For the material below, reproduce exactly each line from the one that has "5000mAh 3S 11.1V" through the one that has "SYSTEM FOR THE", and no others; pictures stay out.

**DATA SECTION:**
===

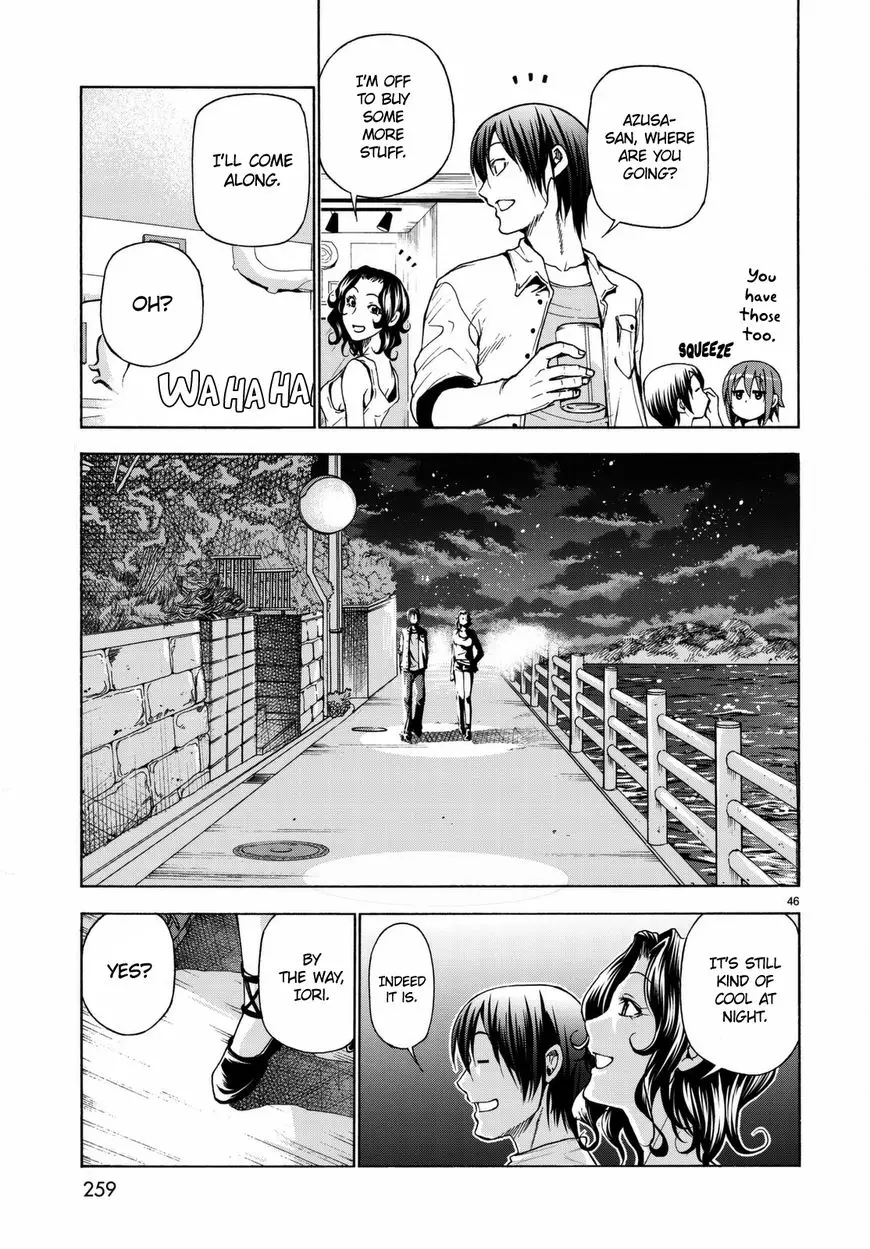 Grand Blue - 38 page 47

===

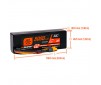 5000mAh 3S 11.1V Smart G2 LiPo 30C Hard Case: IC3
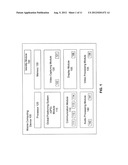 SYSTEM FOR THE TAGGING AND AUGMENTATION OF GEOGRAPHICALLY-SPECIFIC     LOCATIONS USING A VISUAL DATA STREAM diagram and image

===

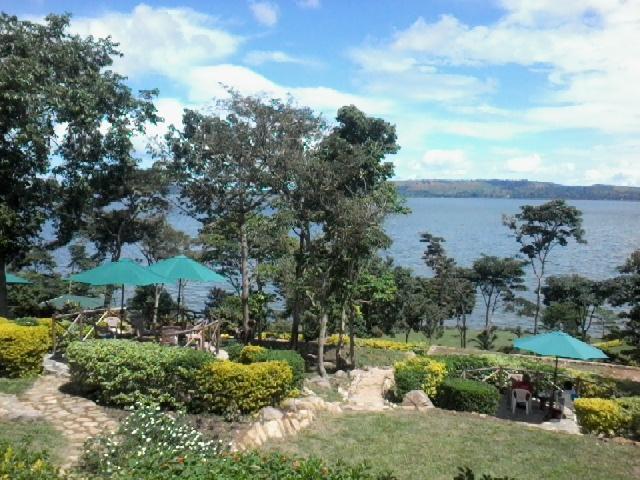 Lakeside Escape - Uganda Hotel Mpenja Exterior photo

===

**REPLY:**
 5000mAh 3S 11.1V Smart G2 LiPo 30C Hard Case: IC3
 SYSTEM FOR THE TAGGING AND AUGMENTATION OF GEOGRAPHICALLY-SPECIFIC     LOCATIONS USING A VISUAL DATA STREAM diagram and image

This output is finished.